* [WHAT IS EXPECTED]
Here is the task for the records below: repeat exactly the lines from the one with "Катушка Shimano Nasci 2500 FB 4+1BB — фото 5" to the one with "CHEVROLET MALIBU 2012 1g1zb5e03cf282426", both included, and nothing else.

* [RECORDS FOR THE TASK]
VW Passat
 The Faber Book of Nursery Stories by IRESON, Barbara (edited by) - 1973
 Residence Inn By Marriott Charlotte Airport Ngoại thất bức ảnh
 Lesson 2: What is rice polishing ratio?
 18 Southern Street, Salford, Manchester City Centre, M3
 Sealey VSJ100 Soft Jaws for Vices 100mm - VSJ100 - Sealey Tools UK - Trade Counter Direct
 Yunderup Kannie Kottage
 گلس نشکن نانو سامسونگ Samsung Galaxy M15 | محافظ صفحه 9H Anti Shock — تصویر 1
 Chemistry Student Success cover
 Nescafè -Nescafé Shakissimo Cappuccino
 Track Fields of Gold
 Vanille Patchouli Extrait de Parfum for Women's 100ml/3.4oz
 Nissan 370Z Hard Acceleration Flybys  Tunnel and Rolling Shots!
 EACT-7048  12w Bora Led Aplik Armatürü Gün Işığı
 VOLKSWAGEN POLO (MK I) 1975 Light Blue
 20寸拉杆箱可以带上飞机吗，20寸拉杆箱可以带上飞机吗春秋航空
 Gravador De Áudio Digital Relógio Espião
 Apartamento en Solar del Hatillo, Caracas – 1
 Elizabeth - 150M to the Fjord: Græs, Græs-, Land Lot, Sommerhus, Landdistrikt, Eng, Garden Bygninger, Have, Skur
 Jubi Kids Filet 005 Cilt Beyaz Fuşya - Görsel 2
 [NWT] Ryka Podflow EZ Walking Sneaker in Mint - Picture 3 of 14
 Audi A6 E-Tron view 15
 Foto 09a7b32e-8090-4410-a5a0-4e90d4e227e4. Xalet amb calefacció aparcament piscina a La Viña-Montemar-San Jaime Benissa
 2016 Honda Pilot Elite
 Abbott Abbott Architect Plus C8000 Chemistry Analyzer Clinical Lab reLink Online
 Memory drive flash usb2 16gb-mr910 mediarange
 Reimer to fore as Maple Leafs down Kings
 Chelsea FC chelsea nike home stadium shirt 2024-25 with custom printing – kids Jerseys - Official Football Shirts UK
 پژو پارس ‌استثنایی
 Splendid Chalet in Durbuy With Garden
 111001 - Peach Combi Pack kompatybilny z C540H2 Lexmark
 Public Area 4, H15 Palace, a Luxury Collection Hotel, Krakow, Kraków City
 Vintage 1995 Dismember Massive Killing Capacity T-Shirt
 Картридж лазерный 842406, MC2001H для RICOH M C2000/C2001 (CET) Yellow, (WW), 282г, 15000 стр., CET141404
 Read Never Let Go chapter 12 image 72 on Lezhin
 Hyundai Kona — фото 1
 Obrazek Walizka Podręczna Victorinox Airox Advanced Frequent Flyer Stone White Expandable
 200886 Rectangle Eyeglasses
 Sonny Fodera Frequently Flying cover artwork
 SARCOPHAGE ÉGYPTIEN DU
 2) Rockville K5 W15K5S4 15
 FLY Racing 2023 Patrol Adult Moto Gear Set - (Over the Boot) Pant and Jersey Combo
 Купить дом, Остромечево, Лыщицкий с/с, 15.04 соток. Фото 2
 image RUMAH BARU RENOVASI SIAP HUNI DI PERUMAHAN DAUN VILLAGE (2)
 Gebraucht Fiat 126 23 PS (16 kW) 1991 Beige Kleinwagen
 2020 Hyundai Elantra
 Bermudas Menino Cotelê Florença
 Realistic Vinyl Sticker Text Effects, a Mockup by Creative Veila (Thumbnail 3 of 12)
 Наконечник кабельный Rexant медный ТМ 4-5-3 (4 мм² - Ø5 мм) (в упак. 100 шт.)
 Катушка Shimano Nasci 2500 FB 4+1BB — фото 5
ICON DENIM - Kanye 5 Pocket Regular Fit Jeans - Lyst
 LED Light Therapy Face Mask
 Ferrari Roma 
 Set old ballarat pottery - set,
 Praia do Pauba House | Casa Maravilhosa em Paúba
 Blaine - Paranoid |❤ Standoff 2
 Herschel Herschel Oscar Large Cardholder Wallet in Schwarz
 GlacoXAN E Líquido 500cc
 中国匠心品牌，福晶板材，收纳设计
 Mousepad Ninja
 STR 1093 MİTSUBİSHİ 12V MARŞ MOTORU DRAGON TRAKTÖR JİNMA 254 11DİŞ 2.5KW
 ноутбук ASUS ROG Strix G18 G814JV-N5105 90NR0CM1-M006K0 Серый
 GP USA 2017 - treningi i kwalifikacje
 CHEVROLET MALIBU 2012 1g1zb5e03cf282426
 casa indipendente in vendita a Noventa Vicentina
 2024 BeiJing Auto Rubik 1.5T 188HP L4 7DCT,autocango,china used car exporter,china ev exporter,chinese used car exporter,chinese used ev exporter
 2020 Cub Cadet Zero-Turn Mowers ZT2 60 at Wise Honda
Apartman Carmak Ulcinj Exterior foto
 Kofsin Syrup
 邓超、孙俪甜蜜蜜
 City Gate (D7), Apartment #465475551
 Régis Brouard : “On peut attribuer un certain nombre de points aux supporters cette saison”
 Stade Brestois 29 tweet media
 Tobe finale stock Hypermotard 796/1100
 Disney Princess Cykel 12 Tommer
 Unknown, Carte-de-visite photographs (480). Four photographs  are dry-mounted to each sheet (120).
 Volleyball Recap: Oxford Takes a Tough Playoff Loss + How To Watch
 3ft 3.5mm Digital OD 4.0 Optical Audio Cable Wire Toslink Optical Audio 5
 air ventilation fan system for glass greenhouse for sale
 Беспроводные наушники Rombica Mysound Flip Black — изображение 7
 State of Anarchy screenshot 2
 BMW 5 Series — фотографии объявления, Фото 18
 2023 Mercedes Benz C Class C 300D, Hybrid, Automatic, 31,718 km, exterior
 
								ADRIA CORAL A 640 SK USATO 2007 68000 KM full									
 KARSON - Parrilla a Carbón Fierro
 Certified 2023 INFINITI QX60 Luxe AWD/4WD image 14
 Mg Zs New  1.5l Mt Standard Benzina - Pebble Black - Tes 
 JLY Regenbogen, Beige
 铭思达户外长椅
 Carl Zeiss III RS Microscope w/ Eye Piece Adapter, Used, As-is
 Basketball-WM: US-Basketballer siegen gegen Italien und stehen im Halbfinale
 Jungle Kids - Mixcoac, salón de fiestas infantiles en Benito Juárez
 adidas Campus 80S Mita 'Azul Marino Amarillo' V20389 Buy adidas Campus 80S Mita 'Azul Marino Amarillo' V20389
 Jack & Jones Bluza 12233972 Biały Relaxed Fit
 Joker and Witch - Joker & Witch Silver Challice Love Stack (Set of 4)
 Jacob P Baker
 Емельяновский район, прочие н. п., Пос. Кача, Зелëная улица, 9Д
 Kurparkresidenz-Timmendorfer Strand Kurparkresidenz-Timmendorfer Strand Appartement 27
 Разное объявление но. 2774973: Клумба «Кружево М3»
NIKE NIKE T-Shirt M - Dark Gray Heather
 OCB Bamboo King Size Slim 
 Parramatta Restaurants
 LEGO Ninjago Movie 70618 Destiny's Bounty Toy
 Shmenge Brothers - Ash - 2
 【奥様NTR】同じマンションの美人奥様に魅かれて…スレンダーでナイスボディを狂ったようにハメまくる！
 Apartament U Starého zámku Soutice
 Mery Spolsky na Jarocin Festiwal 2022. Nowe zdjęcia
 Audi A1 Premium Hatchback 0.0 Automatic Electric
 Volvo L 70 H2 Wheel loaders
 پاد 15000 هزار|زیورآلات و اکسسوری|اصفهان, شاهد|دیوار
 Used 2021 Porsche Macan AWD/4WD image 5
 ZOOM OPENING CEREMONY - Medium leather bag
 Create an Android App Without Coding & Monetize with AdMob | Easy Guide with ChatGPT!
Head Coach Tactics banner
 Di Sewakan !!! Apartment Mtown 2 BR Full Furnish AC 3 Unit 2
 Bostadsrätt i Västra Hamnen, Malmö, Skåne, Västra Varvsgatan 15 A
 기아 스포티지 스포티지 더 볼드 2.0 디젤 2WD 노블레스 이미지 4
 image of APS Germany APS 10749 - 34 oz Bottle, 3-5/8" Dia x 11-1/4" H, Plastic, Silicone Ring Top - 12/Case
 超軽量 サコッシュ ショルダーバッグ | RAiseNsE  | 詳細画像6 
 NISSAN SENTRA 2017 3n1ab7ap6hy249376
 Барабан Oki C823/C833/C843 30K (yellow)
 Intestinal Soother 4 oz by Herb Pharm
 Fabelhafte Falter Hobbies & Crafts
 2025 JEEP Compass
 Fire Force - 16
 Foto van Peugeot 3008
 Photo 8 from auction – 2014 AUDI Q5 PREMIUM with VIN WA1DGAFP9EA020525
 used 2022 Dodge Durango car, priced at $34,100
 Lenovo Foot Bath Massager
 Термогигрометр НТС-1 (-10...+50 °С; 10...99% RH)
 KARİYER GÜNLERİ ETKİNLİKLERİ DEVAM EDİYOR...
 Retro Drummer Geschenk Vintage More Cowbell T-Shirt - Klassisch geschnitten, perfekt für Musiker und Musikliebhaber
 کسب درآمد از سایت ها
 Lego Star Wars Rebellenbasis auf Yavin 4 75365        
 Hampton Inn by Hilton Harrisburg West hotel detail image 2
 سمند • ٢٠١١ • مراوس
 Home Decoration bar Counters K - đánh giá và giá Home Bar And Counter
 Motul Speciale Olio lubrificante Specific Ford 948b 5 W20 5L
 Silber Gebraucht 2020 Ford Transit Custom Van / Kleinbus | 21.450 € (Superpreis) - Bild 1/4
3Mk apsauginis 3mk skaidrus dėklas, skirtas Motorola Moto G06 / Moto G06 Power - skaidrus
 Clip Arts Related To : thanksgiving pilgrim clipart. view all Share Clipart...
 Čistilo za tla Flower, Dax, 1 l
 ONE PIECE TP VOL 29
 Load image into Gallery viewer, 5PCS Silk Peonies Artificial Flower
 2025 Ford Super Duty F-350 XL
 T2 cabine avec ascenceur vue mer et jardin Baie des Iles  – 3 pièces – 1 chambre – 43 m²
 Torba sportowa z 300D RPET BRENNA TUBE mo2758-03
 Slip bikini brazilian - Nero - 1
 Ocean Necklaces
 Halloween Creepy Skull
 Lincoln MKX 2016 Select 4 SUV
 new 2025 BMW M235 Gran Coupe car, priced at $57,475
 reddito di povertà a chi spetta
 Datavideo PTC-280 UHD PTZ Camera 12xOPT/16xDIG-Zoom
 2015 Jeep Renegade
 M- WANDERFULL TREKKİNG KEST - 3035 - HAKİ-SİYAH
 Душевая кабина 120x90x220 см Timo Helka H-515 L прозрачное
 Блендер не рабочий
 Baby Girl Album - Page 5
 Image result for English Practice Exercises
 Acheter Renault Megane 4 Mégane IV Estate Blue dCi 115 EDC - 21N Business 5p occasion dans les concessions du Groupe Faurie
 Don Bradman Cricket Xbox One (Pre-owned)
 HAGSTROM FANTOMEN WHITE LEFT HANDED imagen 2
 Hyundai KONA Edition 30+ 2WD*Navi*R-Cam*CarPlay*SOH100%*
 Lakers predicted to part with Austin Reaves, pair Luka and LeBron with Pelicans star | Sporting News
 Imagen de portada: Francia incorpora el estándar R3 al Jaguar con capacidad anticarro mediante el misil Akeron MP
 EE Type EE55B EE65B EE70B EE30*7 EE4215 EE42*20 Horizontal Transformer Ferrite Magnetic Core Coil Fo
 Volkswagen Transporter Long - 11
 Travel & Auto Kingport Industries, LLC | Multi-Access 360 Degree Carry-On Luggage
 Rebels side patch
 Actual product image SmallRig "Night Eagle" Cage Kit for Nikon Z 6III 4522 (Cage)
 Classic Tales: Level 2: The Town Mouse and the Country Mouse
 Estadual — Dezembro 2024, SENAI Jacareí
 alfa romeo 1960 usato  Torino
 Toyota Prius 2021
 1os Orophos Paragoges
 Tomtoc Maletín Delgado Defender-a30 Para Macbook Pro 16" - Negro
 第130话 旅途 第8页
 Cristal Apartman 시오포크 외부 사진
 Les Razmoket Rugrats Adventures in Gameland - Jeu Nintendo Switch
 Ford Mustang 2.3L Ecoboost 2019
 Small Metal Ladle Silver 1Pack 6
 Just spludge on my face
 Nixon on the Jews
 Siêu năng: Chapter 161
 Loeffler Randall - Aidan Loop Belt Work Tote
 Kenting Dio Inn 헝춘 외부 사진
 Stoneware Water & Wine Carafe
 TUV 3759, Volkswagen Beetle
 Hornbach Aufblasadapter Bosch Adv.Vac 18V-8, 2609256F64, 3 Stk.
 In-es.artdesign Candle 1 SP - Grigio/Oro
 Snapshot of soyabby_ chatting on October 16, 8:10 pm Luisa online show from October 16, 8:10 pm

* [RESULT OF THE TASK]
 Катушка Shimano Nasci 2500 FB 4+1BB — фото 5
ICON DENIM - Kanye 5 Pocket Regular Fit Jeans - Lyst
 LED Light Therapy Face Mask
 Ferrari Roma 
 Set old ballarat pottery - set,
 Praia do Pauba House | Casa Maravilhosa em Paúba
 Blaine - Paranoid |❤ Standoff 2
 Herschel Herschel Oscar Large Cardholder Wallet in Schwarz
 GlacoXAN E Líquido 500cc
 中国匠心品牌，福晶板材，收纳设计
 Mousepad Ninja
 STR 1093 MİTSUBİSHİ 12V MARŞ MOTORU DRAGON TRAKTÖR JİNMA 254 11DİŞ 2.5KW
 ноутбук ASUS ROG Strix G18 G814JV-N5105 90NR0CM1-M006K0 Серый
 GP USA 2017 - treningi i kwalifikacje
 CHEVROLET MALIBU 2012 1g1zb5e03cf282426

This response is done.